Task brief: The lines from the one holding "The series navigator" through the end of the records below are to be written out exactly, and nothing else; pictures are to be left out.

Provided entries:
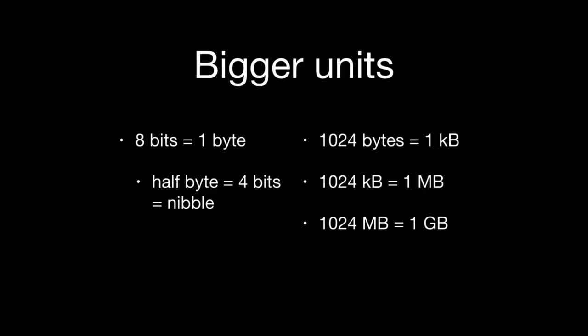There are bigger units of measurements as we move up the chain, just like we go from millimeter to decimeter to meter to kilometer, we can do the same thing with bits and bytes. Eight bits equals one byte, b-y-t-e.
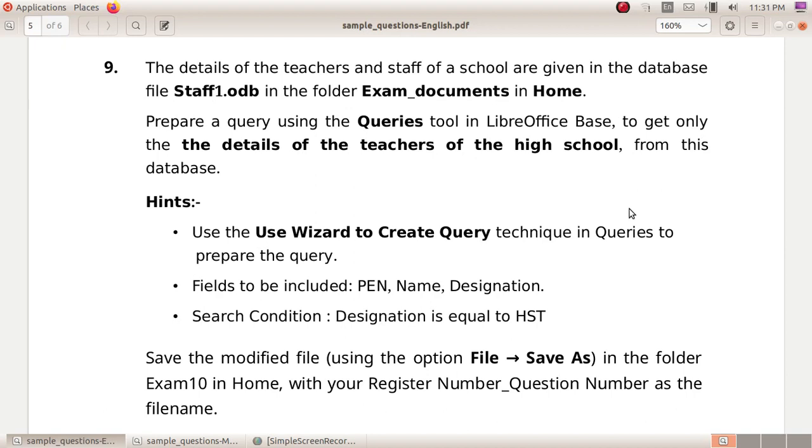The details of the teachers and staff of a school are given in the database file staff1.odb in the folder Exam_documents in Home. Prepare a query using the Queries tool in LibreOffice Base to get only the details of the teachers of the high school from this database.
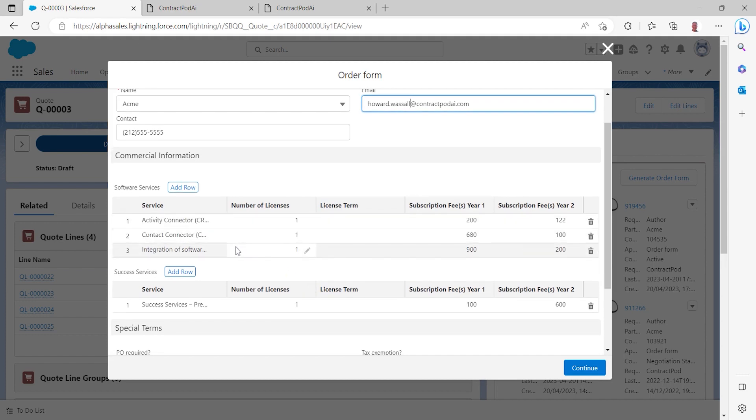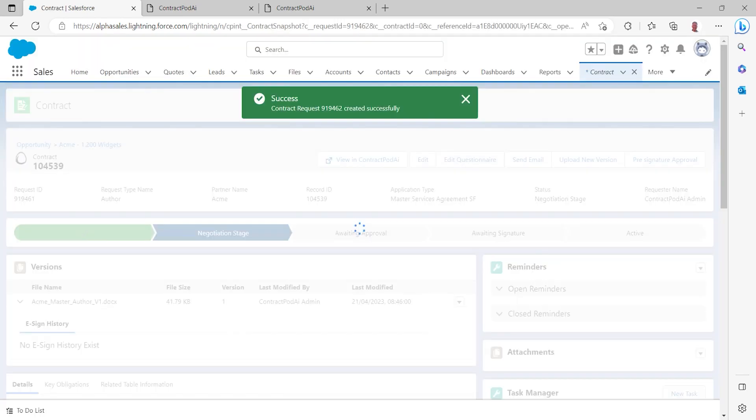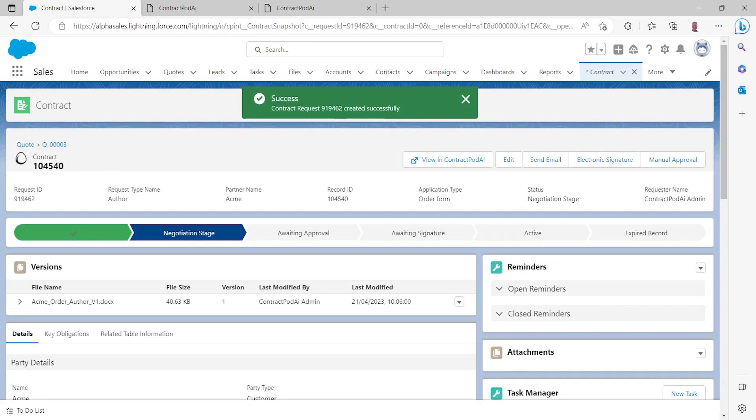I can preview the services that we're providing to that customer and I can go ahead and request that the order form be created and then that we'll go ahead and send that out for electronic signature via DocuSign.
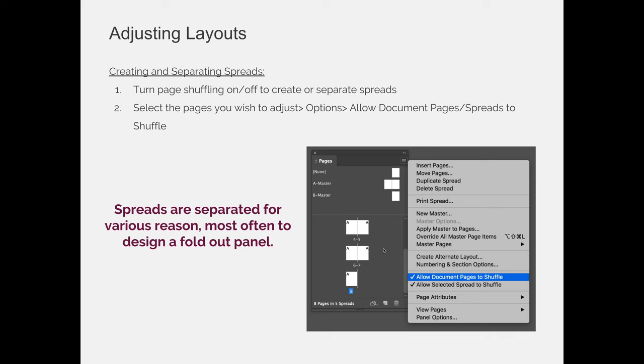In the next video, we're going to jump over and actually do this in InDesign. So go ahead and open up InDesign and create a new document that has eight pages in it and we'll go from there.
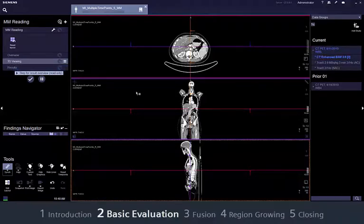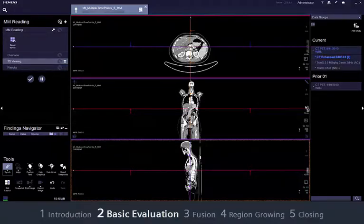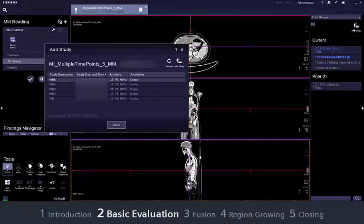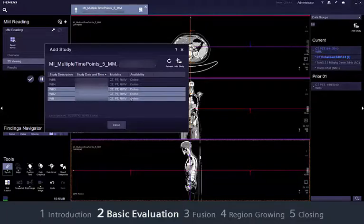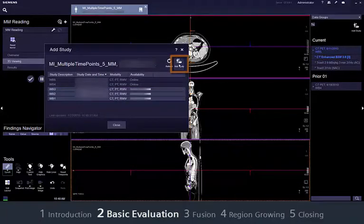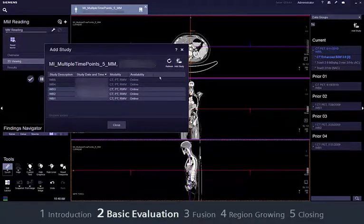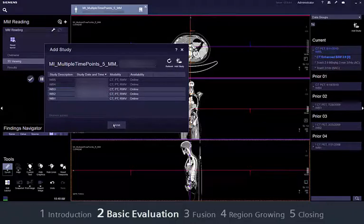The series navigator shows all data sets that are available in Syngo VIA for a specific patient. Additional data of a selected patient can be accessed through the archive. Click Add Study to import further data sets.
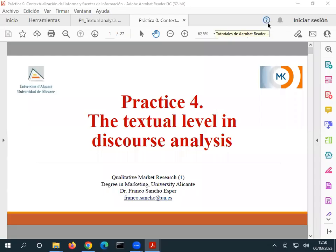We have already seen practice number four in some way, because practice number four is the textual level of the analysis. In practice number three or two, where we expanded the introduction of Atlas TI, we saw most of the things we are going to see today. So it's a kind of revision. This practical submission — you have two weeks to do it, not this week but next week. And you don't need to put this in control number one.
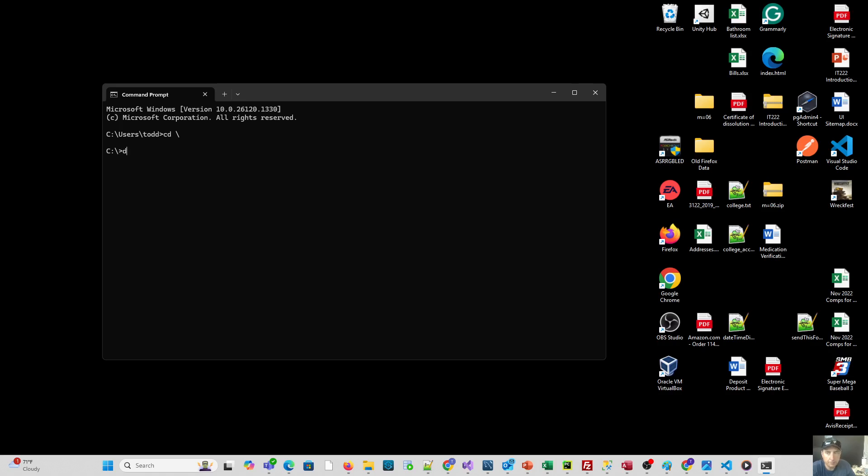So basically, D, colon, and all you got to do is enter, and there you go. You're now on that drive space. Had we tried to do CD, D, colon, that was not going to work for us.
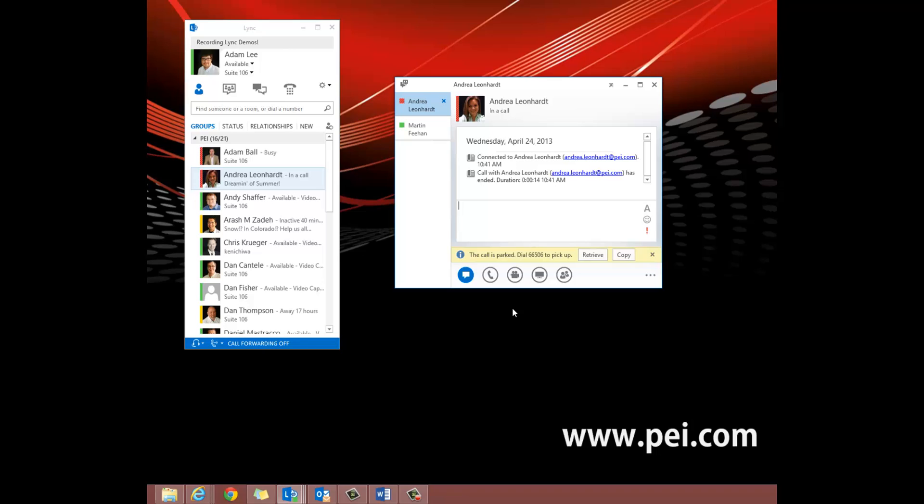On the call window, we can see an alert that shows us the internal number to pick the call up. We can choose Retrieve to pick it up ourselves or Copy to send the number to another contact.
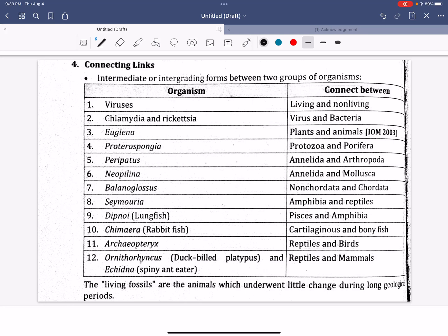Hello everyone, welcome to our video. Today we have connecting links. We have to learn about the CEE preparation. We will learn about connecting links.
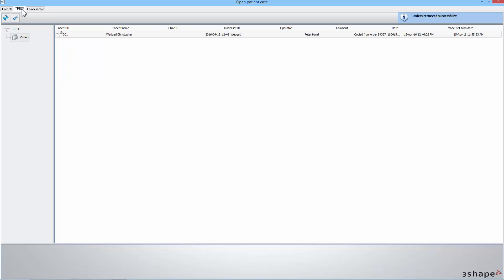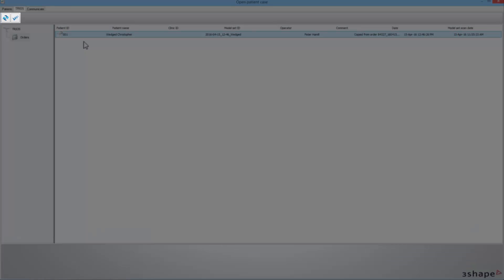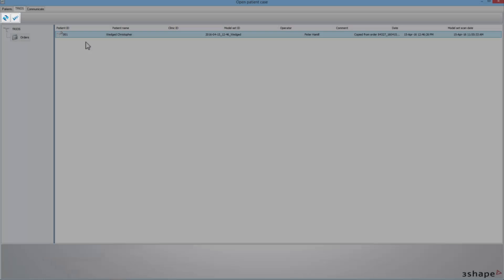There you will find a list of all the orders sent to your lab via TRIOS Direct Connection. Remember that if you cannot see any order in this window, click on the Refresh button in the bar in the upper left corner.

Finished task:
The series navigator shows all data sets that are available in Syngo VIA for a specific patient. Additional data of a selected patient can be accessed through the archive. Click Add Study to import further data sets.
We have already seen practice number four in some way, because practice number four is the textual level of the analysis. In practice number three or two, where we expanded the introduction of Atlas TI, we saw most of the things we are going to see today. So it's a kind of revision. This practical submission — you have two weeks to do it, not this week but next week. And you don't need to put this in control number one.
So basically, D, colon, and all you got to do is enter, and there you go. You're now on that drive space. Had we tried to do CD, D, colon, that was not going to work for us.
On the call window, we can see an alert that shows us the internal number to pick the call up. We can choose Retrieve to pick it up ourselves or Copy to send the number to another contact.
Hello everyone, welcome to our video. Today we have connecting links. We have to learn about the CEE preparation. We will learn about connecting links.
There you will find a list of all the orders sent to your lab via TRIOS Direct Connection. Remember that if you cannot see any order in this window, click on the Refresh button in the bar in the upper left corner.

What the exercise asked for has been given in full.